Article Relevé dans La Provence (8.09/2010) :

Mademoiselle Bus (Misé pour les vieux Manosquins) décédée en 1995, aura consacré sa vie au félibrige -ce mouvement littéraire fondé en 1854 en Provence, par Frédéric Mistral, Roumanille, Aubanel, Tavan, Mathieu, Brunet et Giera (intellectuels de l'heure), pour faire renaître la littérature de langue d'Oc.
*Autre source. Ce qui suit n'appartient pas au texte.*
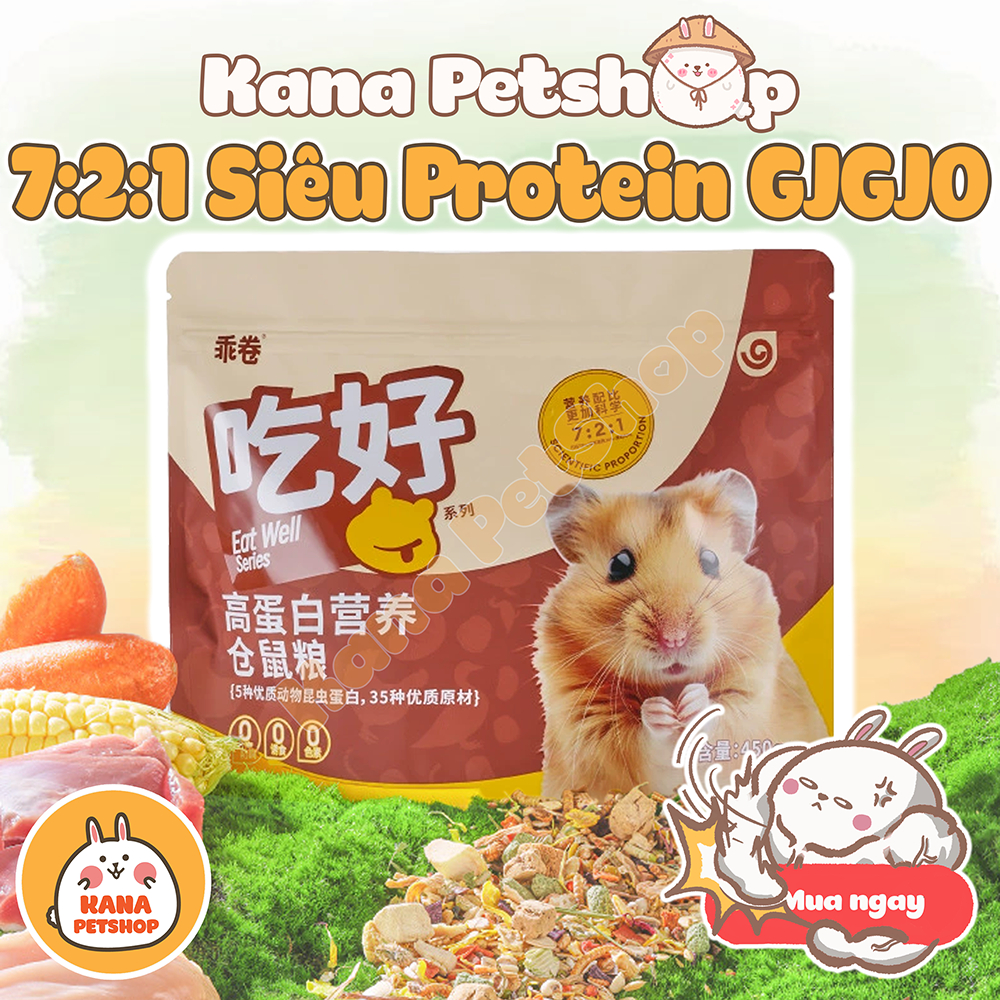Thức Ăn Hamster GJGJO 🐹FREESHIP🐹 7:2:1 Siêu Protein Thực Phẩm Giàu Protein Cho Hamster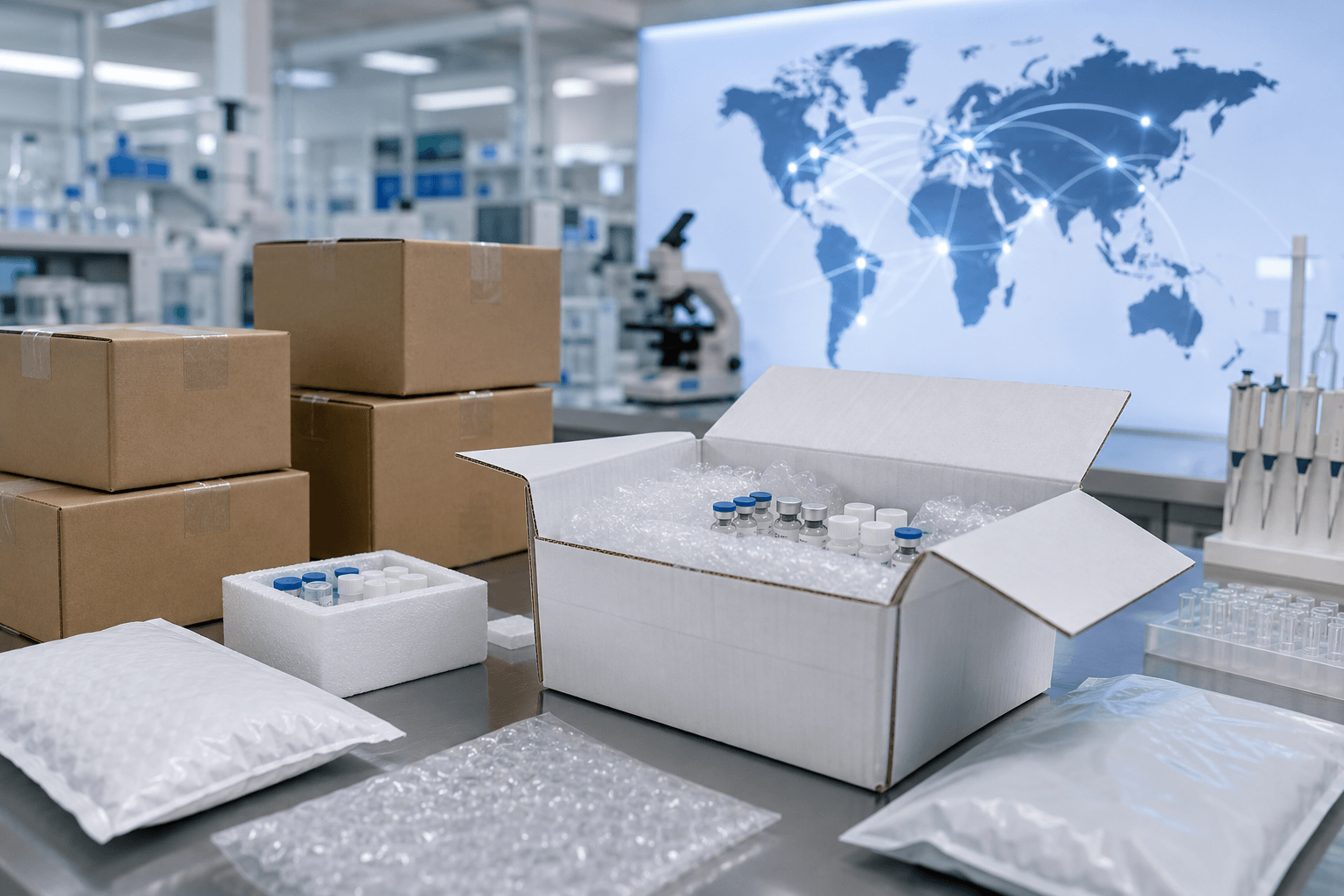 Worldwide Peptide Supply and Delivery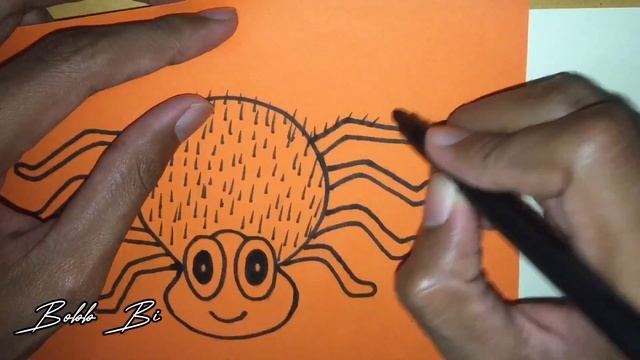 Spider ? paper | easy way #papercraft #craft #craftideas #diy #viral #butterfly смотреть онлайн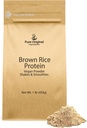 PURE ORIGINAL INGREDIENTS Brown Rice Vegan Protein Toz (1 lb) Sprod Brown Rice, Gluten Free, Shakes & Smoothies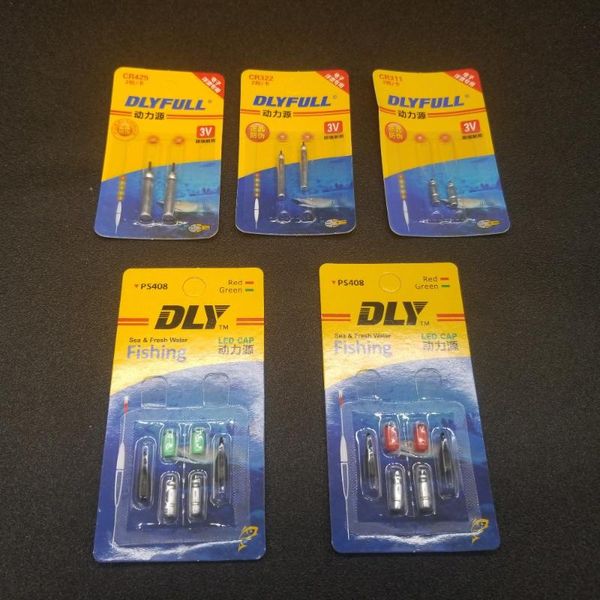 

fishing accessories 3 pack/set electronic float battery cr311 cr322 cr425 ps408 lithium pin cells led tackle a52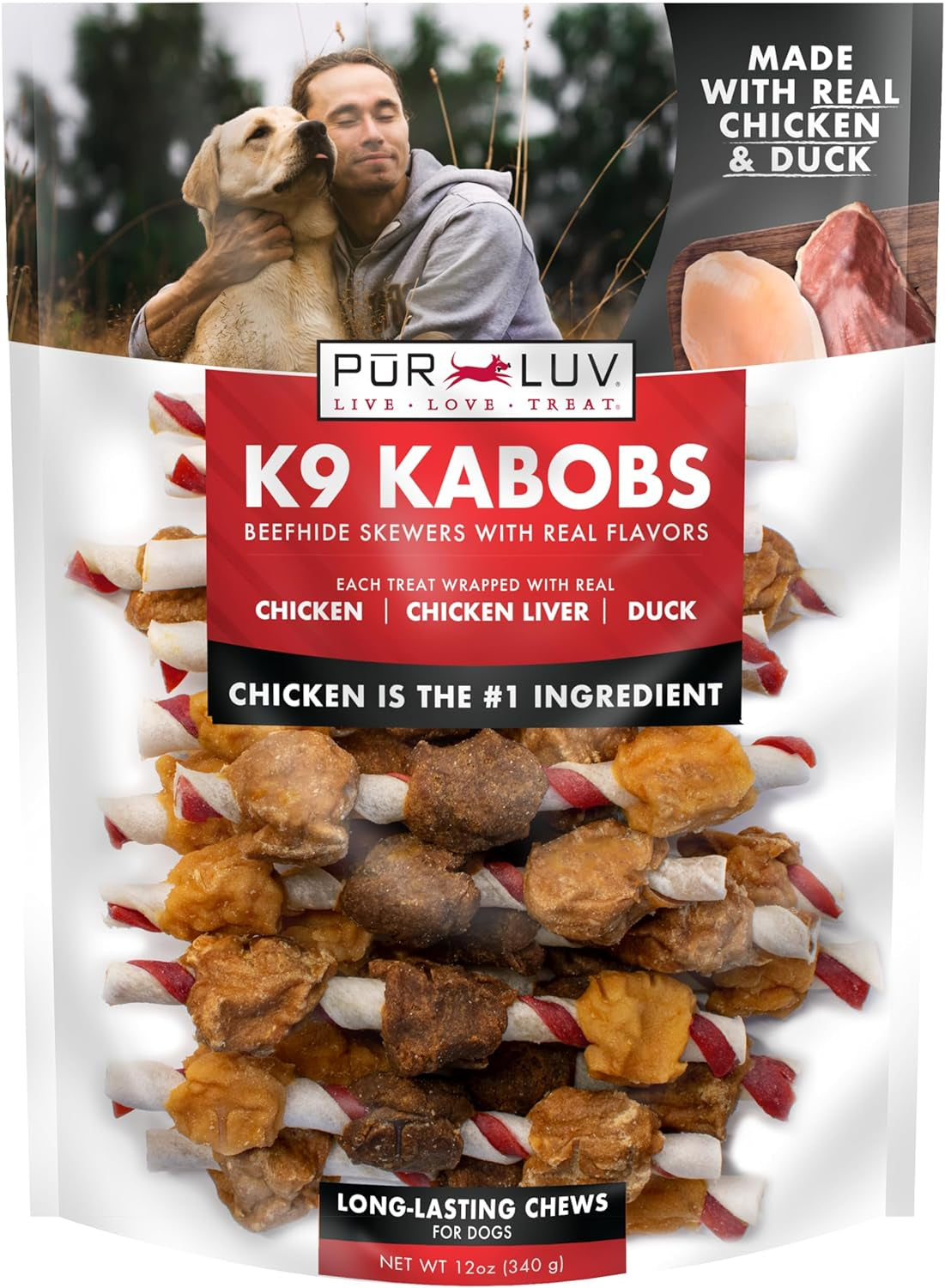 Dog Treats, Chicken & Sweet Potato Jerky Wraps, Made with Real Chicken, 16 Ounces, Rawhide Free, Healthy, Easily Digestible, Long Lasting, High Protein Dog Treat, Satisfies Dog'S Urge to Chew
Que reste-t-il cependant aujourd'hui de cette pensée qui s'est toujours voulue humaniste et régionaliste?

Pour le Manosquin Michel Benedetto, président régional du félibrige qui donnera une conférence vendredi soir (voir encadré) sur "Les symboles et mythes dans l'oeuvre de Mistral", l'important est d'avoir une vision et une pensée méditerranéenne.

"Quand on porte le costume provençal, on porte un message répond celui qui voit déjà la critique des "santons de l'éternité" en dentelles et jabot, arriver au galop. Mais ce n'est pas une fin en soi. Moi, je porte mon costume pour la Messe de minuit à Noël. Après basta!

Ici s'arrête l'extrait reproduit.